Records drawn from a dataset
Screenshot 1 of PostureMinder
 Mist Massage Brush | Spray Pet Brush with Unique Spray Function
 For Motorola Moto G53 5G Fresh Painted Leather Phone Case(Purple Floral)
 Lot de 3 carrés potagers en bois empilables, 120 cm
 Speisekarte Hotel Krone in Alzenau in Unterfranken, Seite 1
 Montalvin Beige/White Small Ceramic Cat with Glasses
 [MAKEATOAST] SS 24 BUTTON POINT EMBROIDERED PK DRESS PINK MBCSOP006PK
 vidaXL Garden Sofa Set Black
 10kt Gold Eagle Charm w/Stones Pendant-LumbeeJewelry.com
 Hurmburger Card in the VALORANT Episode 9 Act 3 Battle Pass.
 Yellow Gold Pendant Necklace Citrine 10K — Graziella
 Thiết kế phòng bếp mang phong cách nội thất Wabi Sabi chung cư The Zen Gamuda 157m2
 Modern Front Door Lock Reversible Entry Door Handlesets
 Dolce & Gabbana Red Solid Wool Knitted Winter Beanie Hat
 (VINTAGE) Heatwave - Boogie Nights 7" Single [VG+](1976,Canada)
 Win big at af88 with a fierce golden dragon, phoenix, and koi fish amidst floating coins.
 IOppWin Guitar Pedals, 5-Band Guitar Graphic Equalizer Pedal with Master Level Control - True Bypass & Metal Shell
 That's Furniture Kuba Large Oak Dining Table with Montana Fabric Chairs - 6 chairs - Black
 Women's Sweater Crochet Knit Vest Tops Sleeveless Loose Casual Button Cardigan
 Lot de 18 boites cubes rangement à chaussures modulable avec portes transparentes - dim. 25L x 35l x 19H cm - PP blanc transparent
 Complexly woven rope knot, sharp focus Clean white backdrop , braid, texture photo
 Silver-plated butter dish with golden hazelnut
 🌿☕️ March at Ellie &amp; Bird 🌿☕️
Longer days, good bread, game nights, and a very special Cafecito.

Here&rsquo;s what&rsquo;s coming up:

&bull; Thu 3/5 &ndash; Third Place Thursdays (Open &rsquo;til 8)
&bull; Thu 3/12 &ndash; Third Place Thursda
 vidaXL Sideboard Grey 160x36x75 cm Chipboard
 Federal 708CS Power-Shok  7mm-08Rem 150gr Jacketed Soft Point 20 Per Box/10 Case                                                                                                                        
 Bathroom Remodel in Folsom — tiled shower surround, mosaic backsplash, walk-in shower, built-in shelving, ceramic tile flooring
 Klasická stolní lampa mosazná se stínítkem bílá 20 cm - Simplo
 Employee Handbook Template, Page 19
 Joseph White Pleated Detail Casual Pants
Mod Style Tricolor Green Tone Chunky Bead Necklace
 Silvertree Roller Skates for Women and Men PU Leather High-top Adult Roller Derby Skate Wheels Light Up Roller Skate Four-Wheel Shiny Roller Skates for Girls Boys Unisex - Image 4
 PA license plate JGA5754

TASK TO CARRY OUT:
Please set down, with no changes, the line that contains "Klasická stolní lampa" and all the lines after it until the entries end; write nothing besides them.

SOLUTION FOR THIS PROBLEM:
 Klasická stolní lampa mosazná se stínítkem bílá 20 cm - Simplo
 Employee Handbook Template, Page 19
 Joseph White Pleated Detail Casual Pants
Mod Style Tricolor Green Tone Chunky Bead Necklace
 Silvertree Roller Skates for Women and Men PU Leather High-top Adult Roller Derby Skate Wheels Light Up Roller Skate Four-Wheel Shiny Roller Skates for Girls Boys Unisex - Image 4
 PA license plate JGA5754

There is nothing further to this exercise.